L’entrée en matière laisse perplexe. Elle surprend comme elle désappointe. De toute façon, n’attendez pas d’un vieux briscard comme Paul Schrader qu’il suive les sentiers battus de la bien-pensance. Surtout qu’il est épaulé par Bret Easton Ellis responsable du scénario. Si The Canyons n’est pas une franche réussite, le film, financé pour une bouchée de pain avec l’aide des internautes (250 000 dollars), demeure fascinant, diabolique, entre vraie-fausse érotisation d’un environnement où le jeu de dupes, maquillé en thriller paranoïaque, s’amuse à recycler tout un pan de la contre-culture underground ciné des années soixante-dix-80, pour en extraire sa pseudo-modernité 2.0. L’immatérialité des relations entre les différents protagonistes fait écho au décor vide d’une cité froide, comme inexistante, porteuse en elle des germes de la dégénérescence.

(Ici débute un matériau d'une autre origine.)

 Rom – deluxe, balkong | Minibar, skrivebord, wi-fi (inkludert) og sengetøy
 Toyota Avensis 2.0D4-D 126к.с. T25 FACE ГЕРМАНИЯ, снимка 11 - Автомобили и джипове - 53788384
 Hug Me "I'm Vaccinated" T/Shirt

L’introduction ne dit pas autre chose. Elle désincarne puis fige l’espace par l’intermédiaire de plans de caméra vidéo montrant les façades de vieilles salles de cinéma abandonnées. Los Angeles se retrouve alors perdue dans la pesanteur de sa propre contemplation, comme incapable d’exister au-delà de ce qu’elle est censée représenter.

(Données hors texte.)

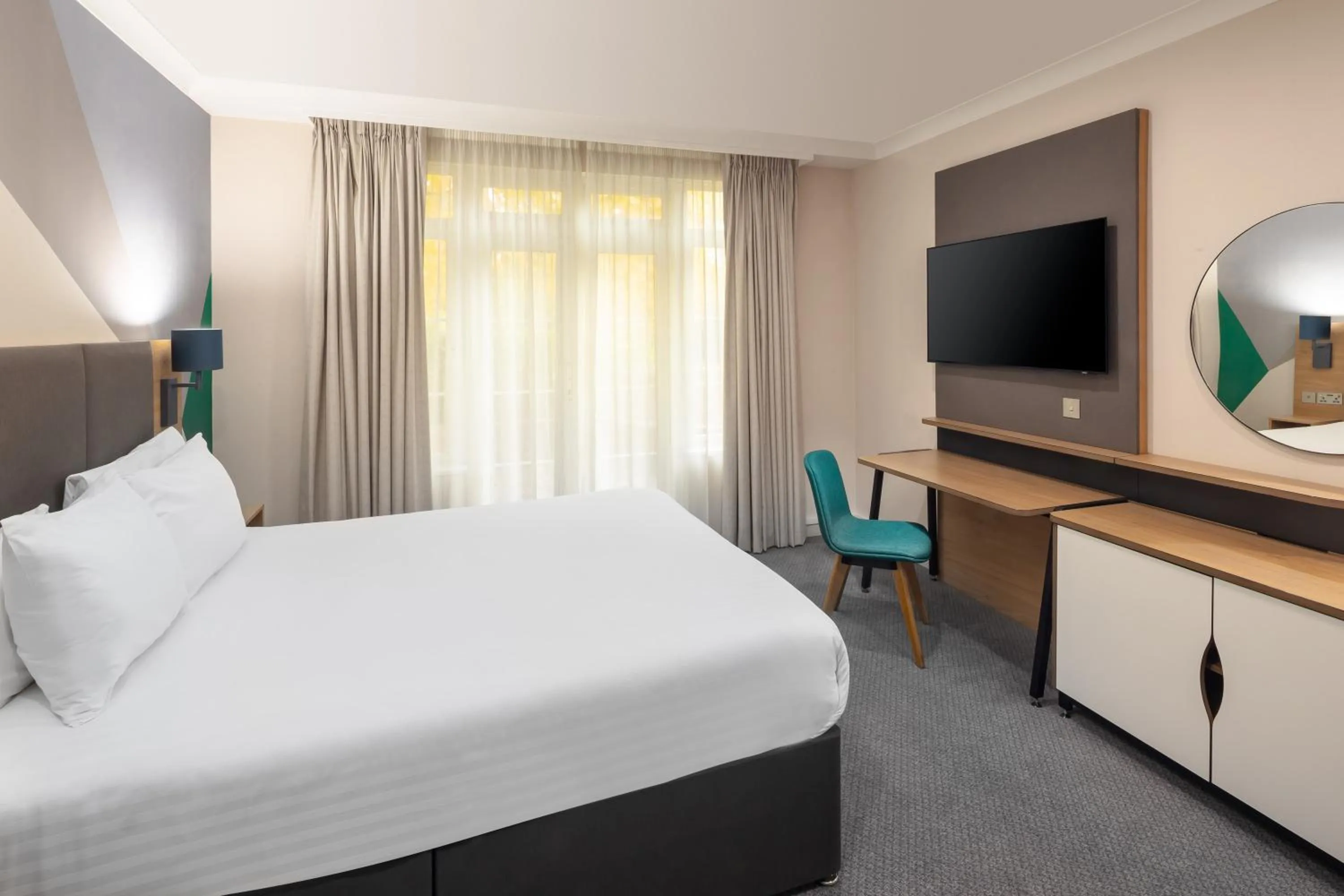 Bed in Holiday Inn Farnborough by IHG
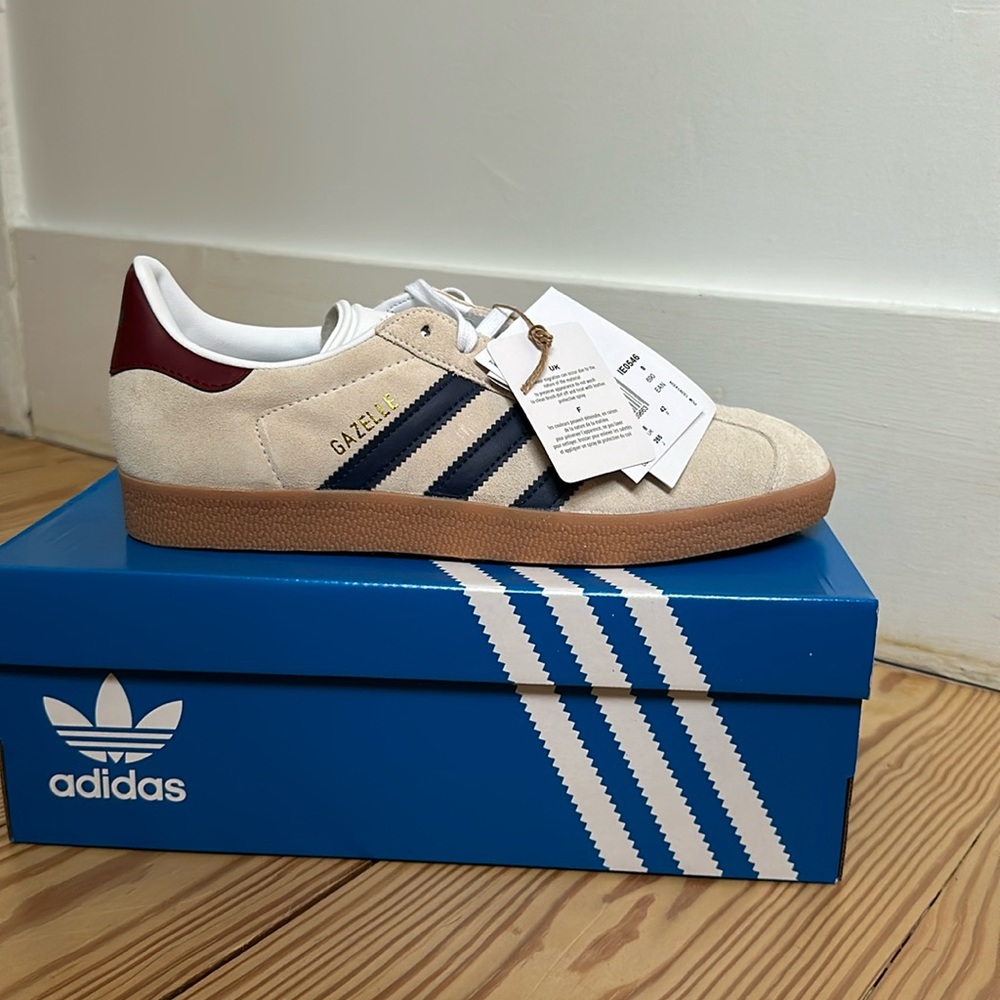 Brand New never worn Adidas Gazelle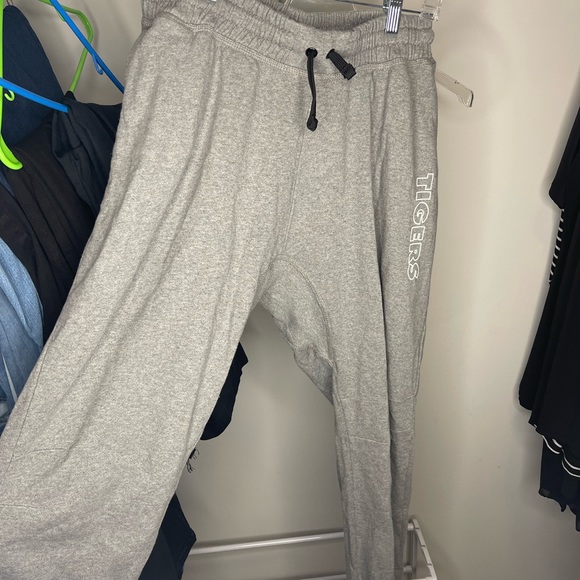 Sweat pants new - Picture 2 of 5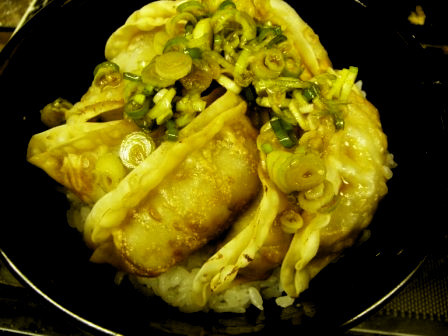 揚げ餃子でパリパリ餃子丼 葱タレの画像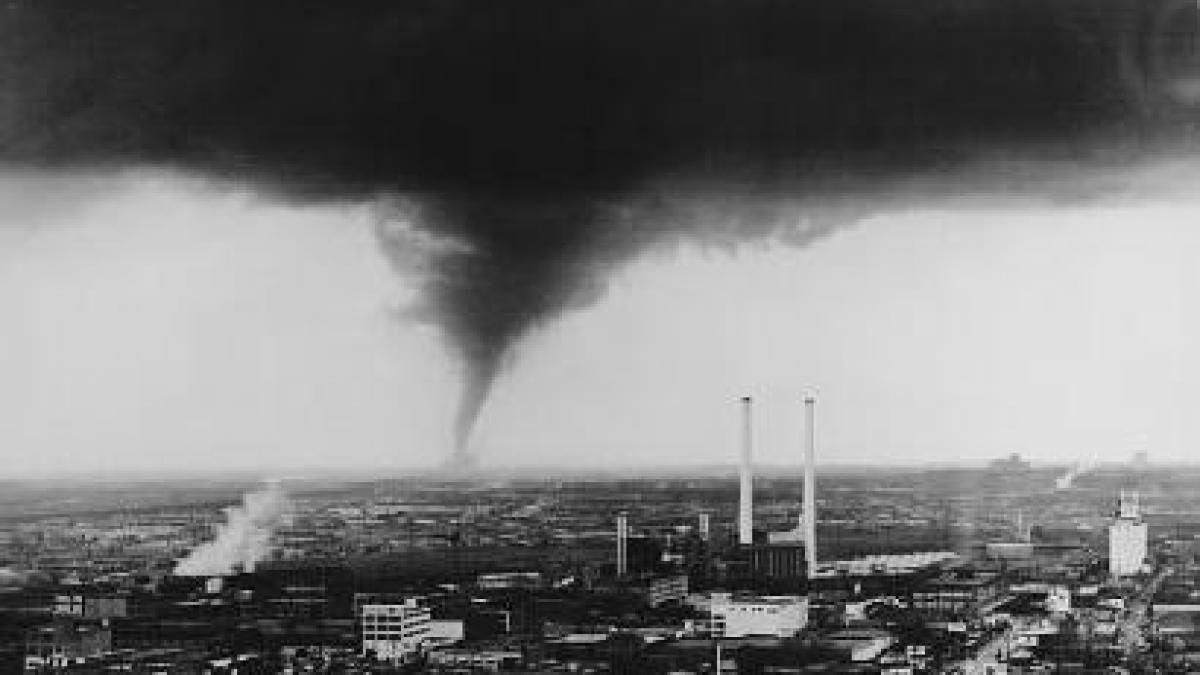 furia naturii i a blestemat pe americani furtunile care au ridicat in aer masini si case au lasat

Paul Schrader ne s’y trompe pas et ausculte avec malice les déboires sentimentaux de jeunes (et beaux) adultes paumés puisque privés d’idéal. La manipulation s’érige en recours, ressort dramatique indispensable pour dynamiser une narration plate, comme inerte, insuffisante ou inopérante compte tenu des individus censés la porter. D’ailleurs, le réalisateur se moque pas mal d’une quelconque ressemblance avec les histoires "cheap" à la « Hollywood stories ». Son film n’est pas tendance ni un produit d'Entertainment. Il est cynique de bout en bout, cultivant, pour ce faire, un sentiment d’artificialité propre à développer une atmosphère ténue, minimaliste, anxiogène, presque véridique. Peu importe, alors, les faiblesses d’un film errant son nihilisme de façade incapable de dépasser la simple transgression de corps désincarnés jamais poétisés par notre couple réalisateur/scénariste.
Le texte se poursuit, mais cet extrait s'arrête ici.